Avoiding Common Bank Fees
Overdraft, ATM, and minimum-balance fees are small on their own but add up. Here is how each works and how to dodge it.
Why fees matter
A bank fee is a charge the bank takes for a service or for something that happens in your account. Any single fee can look small, but a few each month, repeated all year, can quietly become a real cost.
The good news is that most common fees can be avoided once you know how they are triggered. Knowing the rules of your own account is most of the battle.
Overdraft fees
An overdraft happens when you spend more than you have in your account. The bank may cover the difference and then charge an overdraft fee for doing so. These fees are among the largest everyday charges.
- Keep a small cushion in checking so a forgotten charge does not push you below zero.
- Turn on low-balance alerts in your bank app so you get a warning before trouble.
- Ask your bank about overdraft settings; some let you decline coverage so a card is simply declined instead of overdrawn.
ATM fees
An ATM is a machine that dispenses cash. Using one that does not belong to your bank can trigger two charges at once: one from the machine's owner and one from your own bank for going out of network.

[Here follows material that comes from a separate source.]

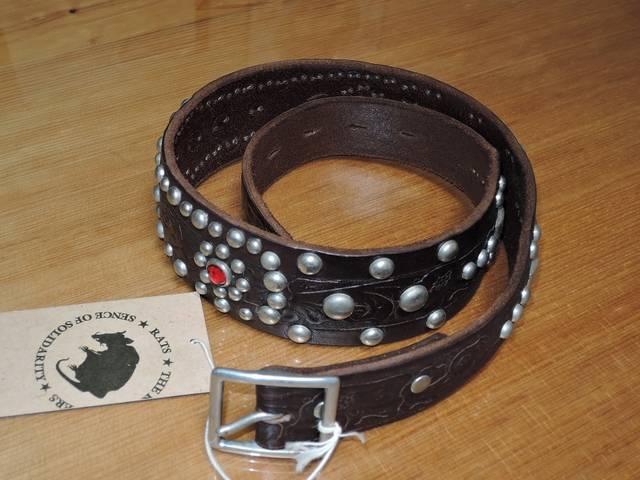新品RATSラッツEAGLE STUDS BELTスタッズベルトS茶 < 男性ファッション 新品RATSラッツEAGLE STUDS BELTスタッズベルトS茶 < 男性ファッションの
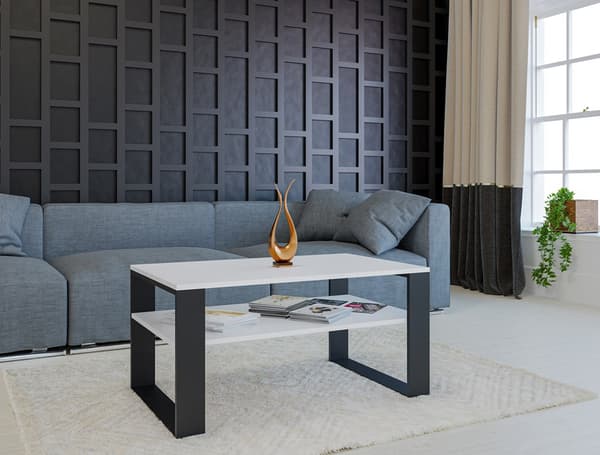 Soffbord Modern 1P VIT SVART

Minimum-balance and monthly fees
Some accounts charge a monthly maintenance fee just for being open. Many of these waive the fee if you meet a condition, such as keeping a minimum balance or setting up a direct deposit, which is your pay sent straight to the account.
If an account charges a fee you keep paying, it is worth checking whether the bank offers an account with no monthly fee. Many do, especially for students and young people.